If a line in the material below has the word "Manual", copy it.

────────────────

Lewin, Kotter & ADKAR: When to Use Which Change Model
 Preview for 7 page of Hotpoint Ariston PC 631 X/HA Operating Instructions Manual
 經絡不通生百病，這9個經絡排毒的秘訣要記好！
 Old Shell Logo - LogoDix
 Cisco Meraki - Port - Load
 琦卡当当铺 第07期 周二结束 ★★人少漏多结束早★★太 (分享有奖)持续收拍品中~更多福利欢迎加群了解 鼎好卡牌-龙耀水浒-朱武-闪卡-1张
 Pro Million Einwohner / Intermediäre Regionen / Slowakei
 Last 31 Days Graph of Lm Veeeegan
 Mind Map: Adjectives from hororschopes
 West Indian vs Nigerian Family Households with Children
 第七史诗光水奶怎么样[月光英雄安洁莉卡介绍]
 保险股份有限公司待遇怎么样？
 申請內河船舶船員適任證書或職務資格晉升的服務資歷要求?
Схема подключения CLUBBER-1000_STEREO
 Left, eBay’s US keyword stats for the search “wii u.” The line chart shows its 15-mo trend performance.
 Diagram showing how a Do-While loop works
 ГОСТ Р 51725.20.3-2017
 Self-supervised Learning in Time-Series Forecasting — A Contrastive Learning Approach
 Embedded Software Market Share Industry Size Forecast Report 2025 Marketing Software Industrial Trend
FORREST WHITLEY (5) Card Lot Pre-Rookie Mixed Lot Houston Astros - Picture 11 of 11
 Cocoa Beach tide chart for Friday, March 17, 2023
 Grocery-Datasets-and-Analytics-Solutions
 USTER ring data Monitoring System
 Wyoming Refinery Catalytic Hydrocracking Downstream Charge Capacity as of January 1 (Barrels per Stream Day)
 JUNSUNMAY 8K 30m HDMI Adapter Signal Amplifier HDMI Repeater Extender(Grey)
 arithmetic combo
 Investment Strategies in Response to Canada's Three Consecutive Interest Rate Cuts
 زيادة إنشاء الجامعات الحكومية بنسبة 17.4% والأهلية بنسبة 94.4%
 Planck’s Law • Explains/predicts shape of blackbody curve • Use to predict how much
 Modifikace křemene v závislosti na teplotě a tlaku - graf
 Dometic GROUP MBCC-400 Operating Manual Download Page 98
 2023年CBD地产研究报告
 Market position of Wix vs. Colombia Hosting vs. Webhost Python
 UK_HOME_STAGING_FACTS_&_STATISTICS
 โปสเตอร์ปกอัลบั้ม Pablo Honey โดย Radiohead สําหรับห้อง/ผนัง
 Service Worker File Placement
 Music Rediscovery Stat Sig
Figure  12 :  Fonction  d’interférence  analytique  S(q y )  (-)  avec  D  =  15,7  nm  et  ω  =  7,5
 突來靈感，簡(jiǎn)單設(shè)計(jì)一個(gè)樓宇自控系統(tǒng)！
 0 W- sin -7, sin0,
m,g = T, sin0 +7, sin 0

────────────────

Your response =>
 Preview for 7 page of Hotpoint Ariston PC 631 X/HA Operating Instructions Manual
 Dometic GROUP MBCC-400 Operating Manual Download Page 98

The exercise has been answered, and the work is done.